Sing me a crazy song, I got dancing feets.
“The problem with country music these days is you can’t kill no one in a song no more.”
Aw man it’s all about the music, about the colours man…Can you see them dude? I mean they’re just there and they keep coming, like the speakers are laser beams and they be shooting colours all over us…Aw man how many hits do you think I took? Man cause I’m about to fly…Oh man remember that sandwich?
After that brief interlude of my chemically addled brain from somewhere about the age of 16. I tell you. There’s nothing quite as satisfying as killing someone in a song. Like Steve was talking about. I mean that in the kindest, most Christian way. I get my propers from the right kind of music. And to think about it, how many of them kids who listen to the angry and growling yelling (sometimes German) music are doing so instead of spraying up a class room with buckshot and .32 caliber shells? Or turning the mom and dad’s dinner table into a recreation of the Texas Chainsaw Massacre? The music may suck but it sure does soothe the savage beast of teenage hormones and angst. As for me, well I’ll just say there’s a few songs that keep me from staring at the big ugly walls of Milhaven Maximum Security.

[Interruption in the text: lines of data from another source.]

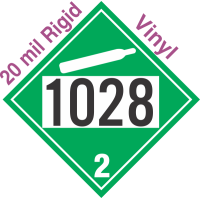 Non-Flammable Gas Class 2.2 UN1028 20mil Rigid Vinyl DOT Placard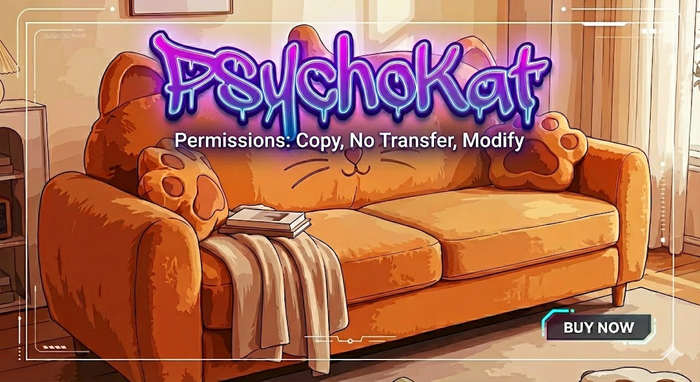 Psychokat ~ Cat Sofa
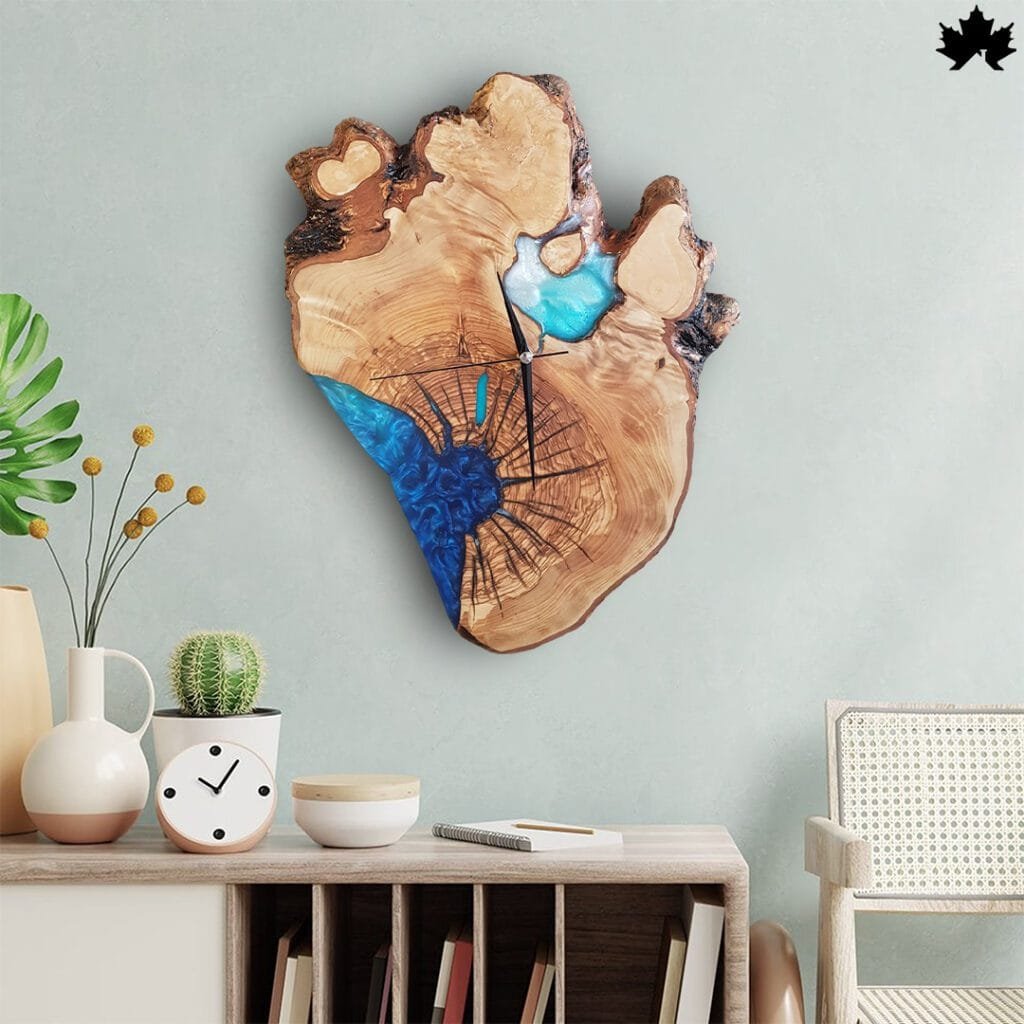 vibrant resin wall clock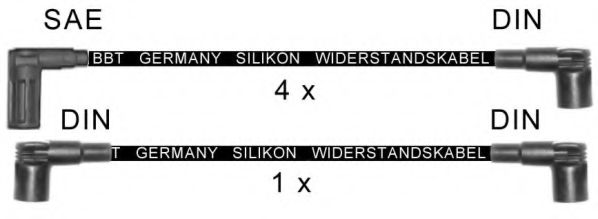 Комплект проводов зажигания BBT ZK1387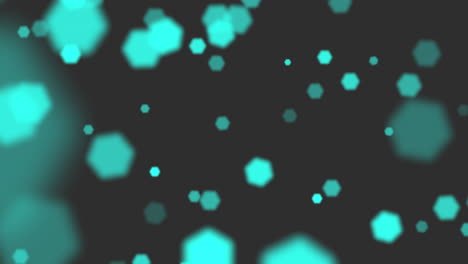 hipnotizante patrón hexagonal de círculos azules en negro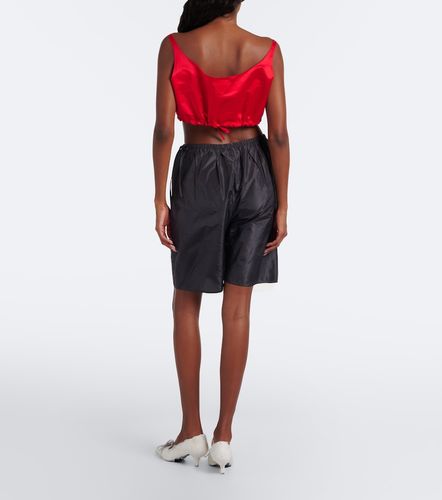 Prada Bermuda en taffetas de soie - Prada - Modalova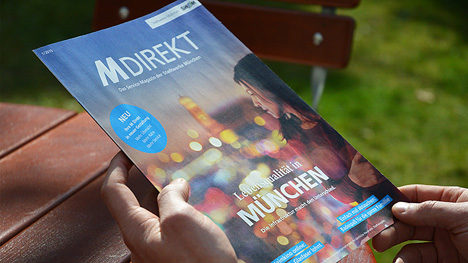 Agentur grasundsterne relauncht Kundenmagazin 'M-Direkt' der Stadtwerke München - Das Stadtwerke München-Kundenmagazin 'M-Direkt' erscheint mit einer Auflage von rund 1,3 Mio. Exemplaren (Foto: grasundsterne)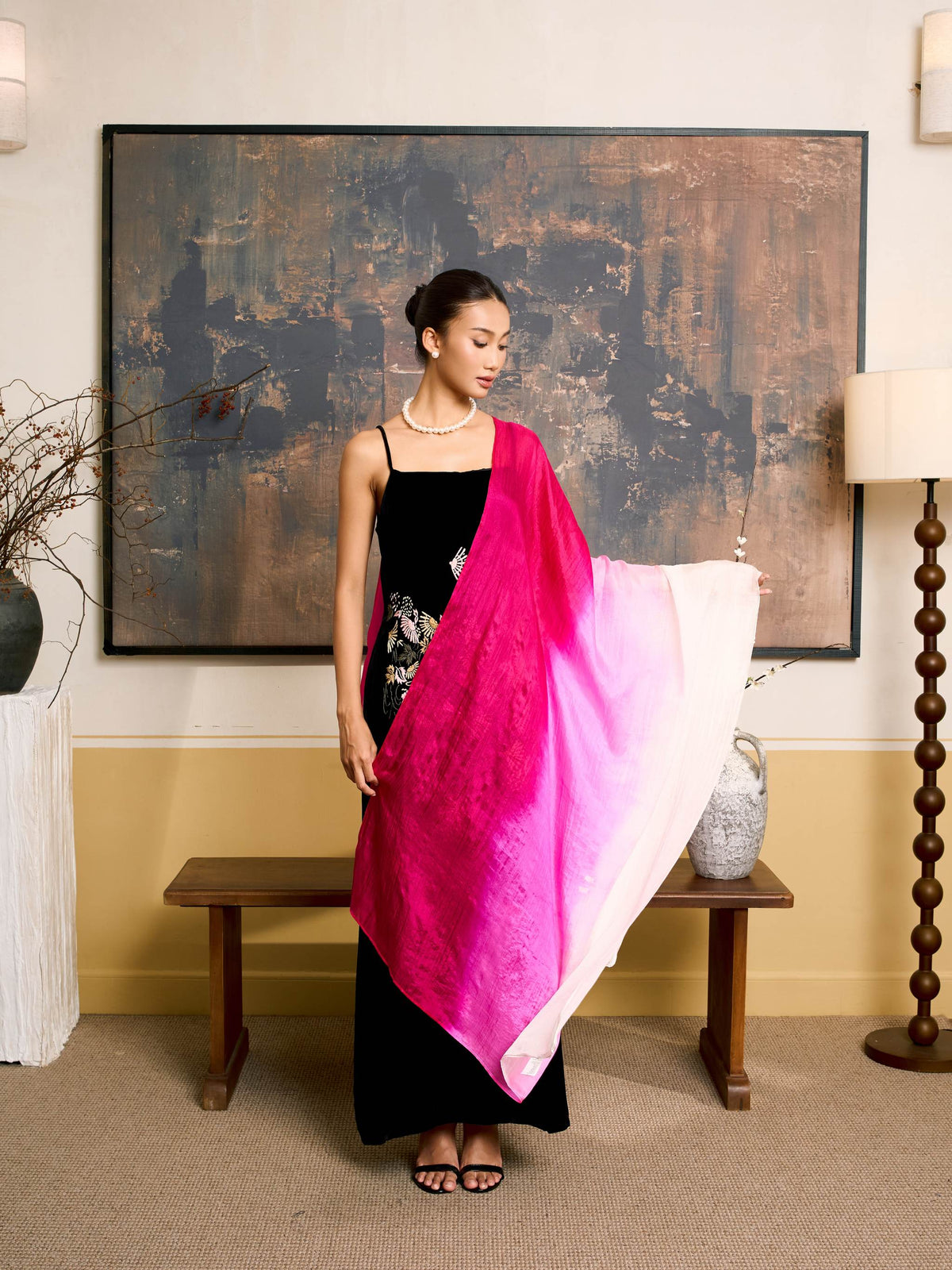 Hot Pink Ombre Scarf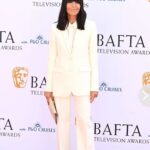 Claudia Winkleman Instagram - Suit @thekooples massive thanks to @sineadmckeefry and @amyhair4 ❤️❤️❤️(and @bafta thank you thank you forever) x
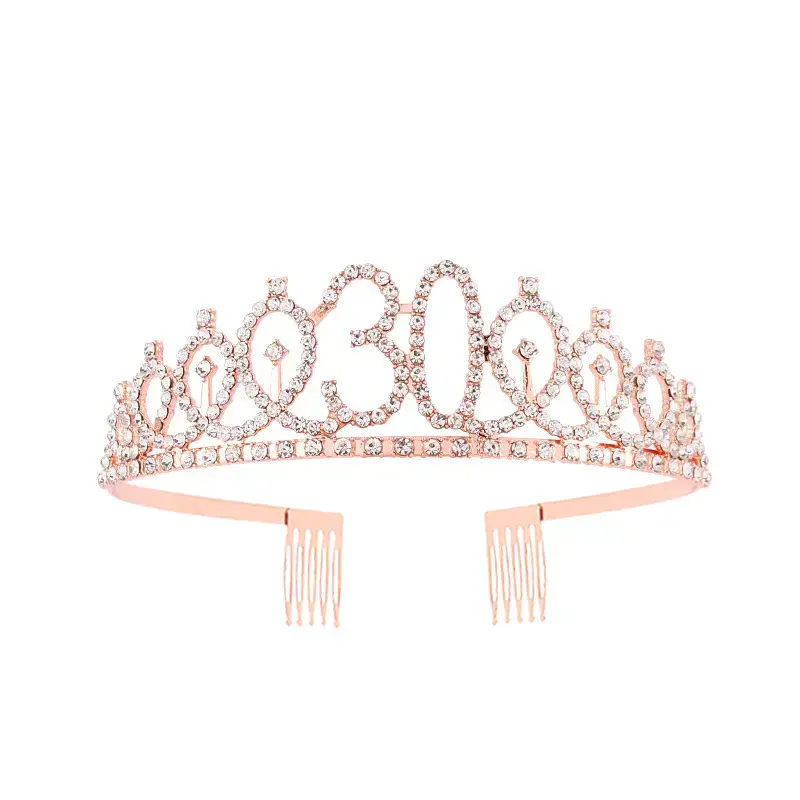 European & American Birthday Crown with Rhinestones - Image 39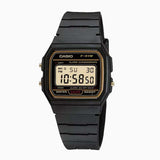 RELOJ CASIO VINTAGE F-91WG-9QDF NEGRO LINEA AMARILLA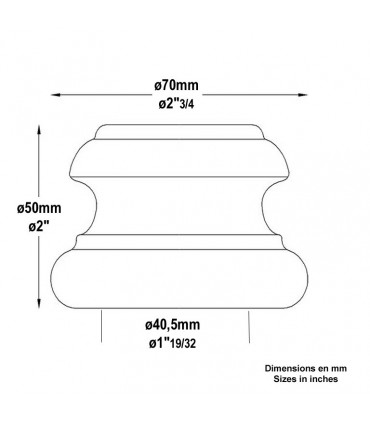 Garniture moyenne à souder Ø40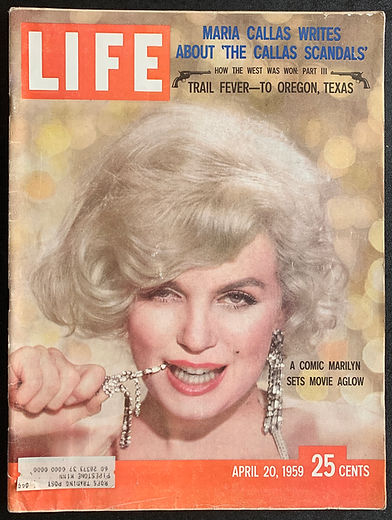 Marilyn Monroe magazine | Slightly out of focus vintage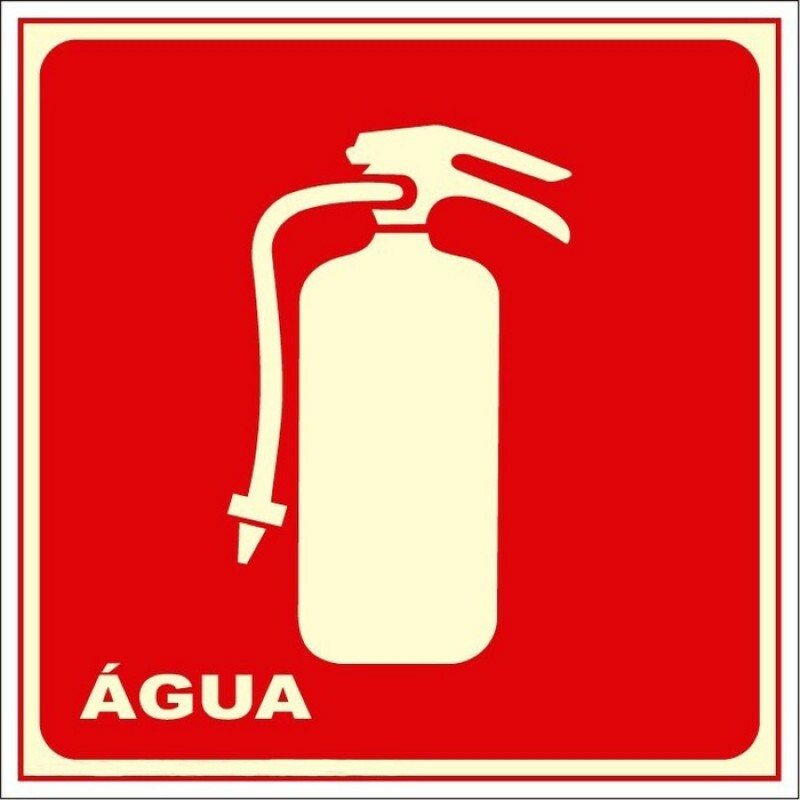 PLACA EXTINTOR AP 15X20 EM PVC 2MM NBR 13434 FOTOLU. AUTO EXTINGUIVEL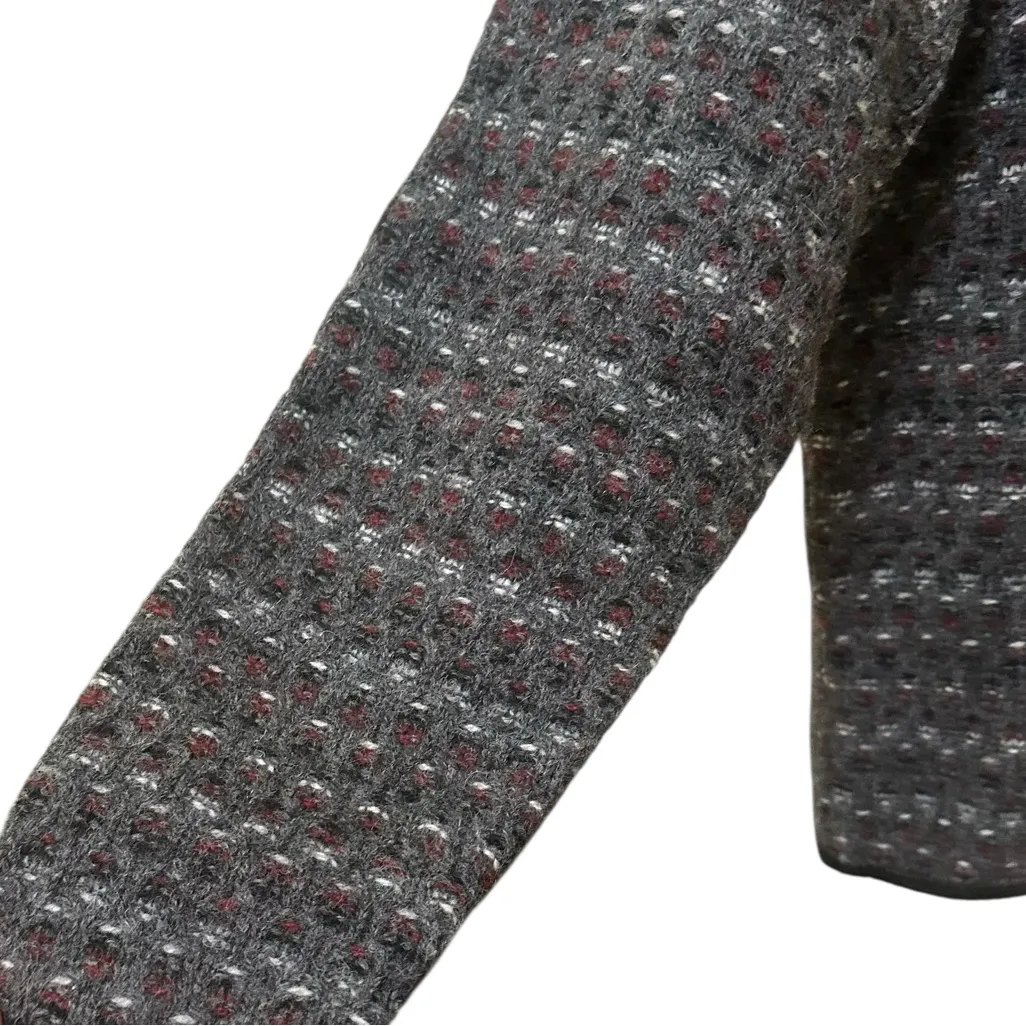 Woolrich 100% Wool Zip Cardigan Sweater Womens XL Fair Isle Vintage Cabincore - Image 7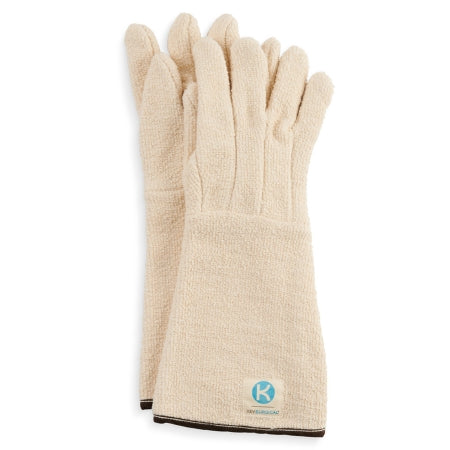 Autoclave Glove Key Surgical® One Size Fits Most Terry Cloth Cream 16 Inch Length Gauntlet Cuff NonSterile MK-1195162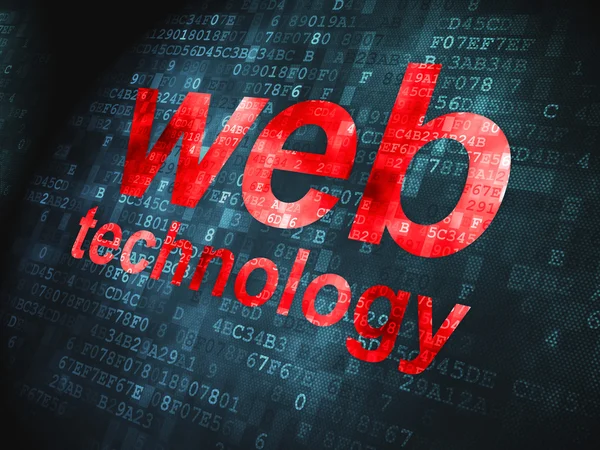 Concept de conception web SEO : Web Technology sur fond numérique — Photo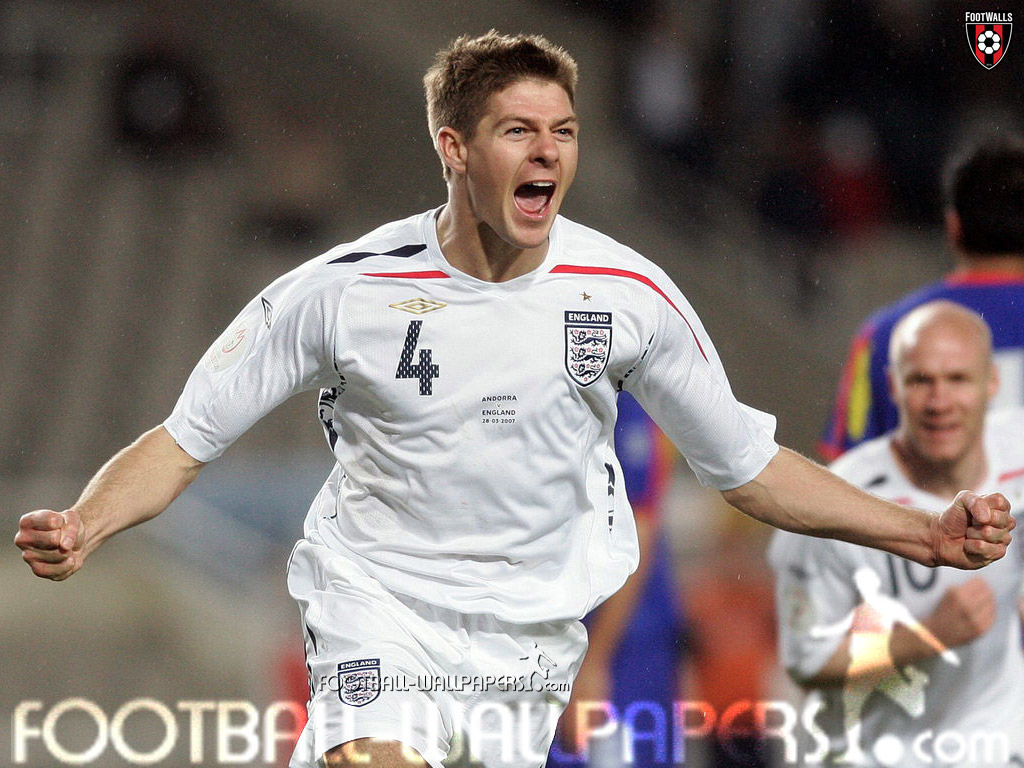 Steven Gerrard Wallpaper - Steven Gerrard England - 1024x768 Wallpaper -  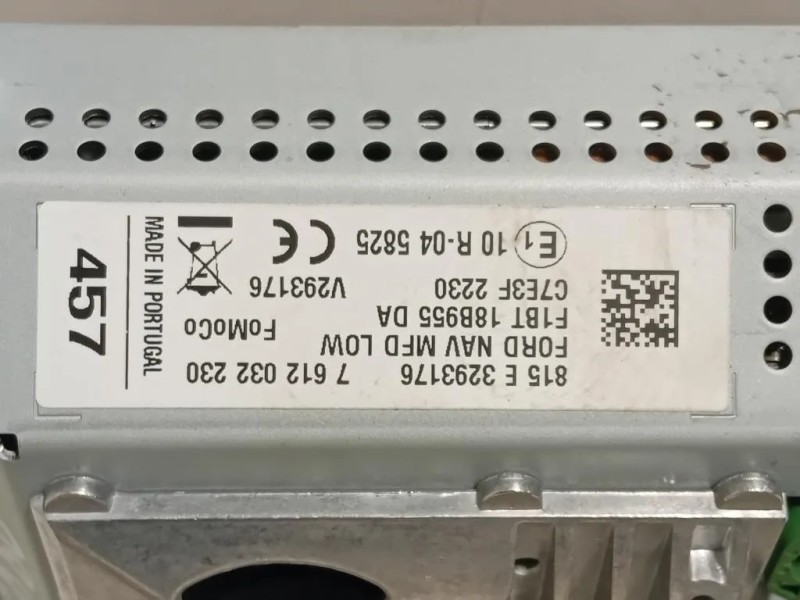 Display Multimediale F1BT-18B955-DC Ford Fiesta VI 2008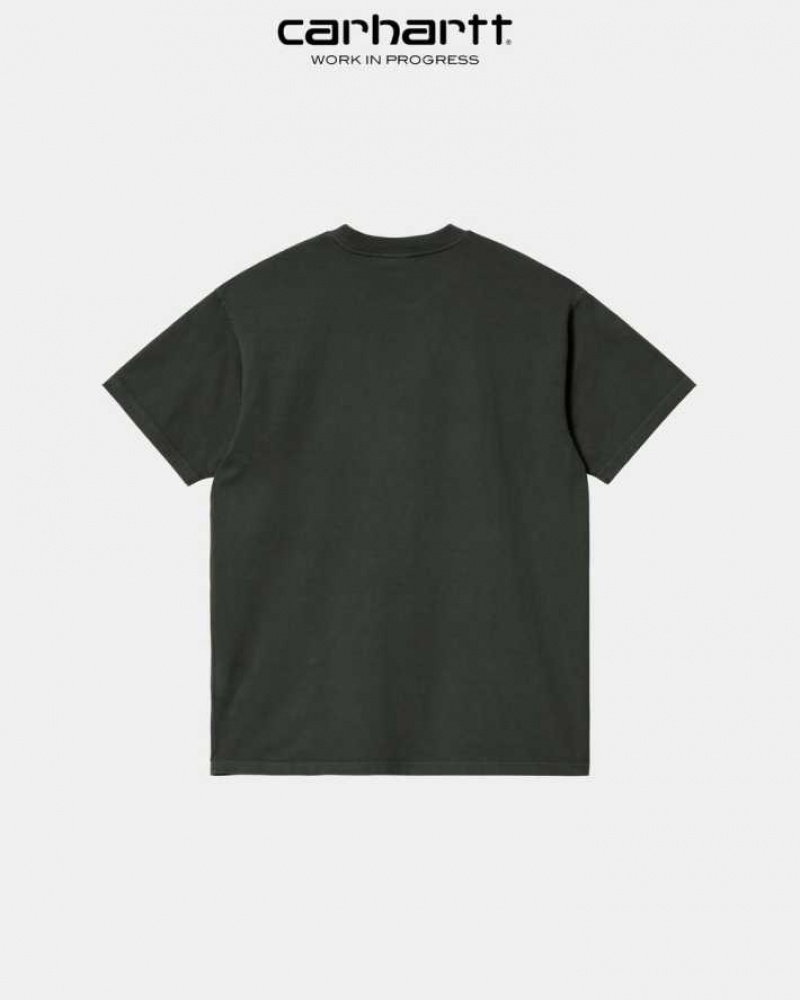 Boxwood Carhartt Wip Hallucinogen T-Shirt - Danmark OKF-3739065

And on another note. I need NyQuil or something. Seems I caught my two year old’s cold. See when a little one gets sick the first thing they want is to cling to you and stay close and well in that you always end up catching their bad juju. So here I am, I can’t breathe and my back and neck ache. Blah! It’s not good for sleeping or anything for that matter.
And dreams…Well when I slept. Man I dreamed about sharks and big mean sharks they were and I was on a boat and the sharks were eating the boat and the people on it. Sort of a Jaws thing but there were naked women too. Because I got this repressed need to be a flower or some crazy Freudian claptrap concept. Hey Ziggy sometimes a cigar is a cigar. And sometimes a naked woman is just a reminder of the evil and terrible creatures they really are…I’m kidding…I’m in a mindset where sexually and emotionally I am about as anatomically correct as a Ken doll when it comes to the opposite sex. I don’t want nothing, no how, no way from anybody who posses a set of fallopian tubes. Of course I say that and I’ll be suddenly get struck dumb by some pretty thing who says good morning just the right way and here I’ll look like the worlds biggest hypocrite…Because it always seems to work that way.
Man I feel like some strange animal today.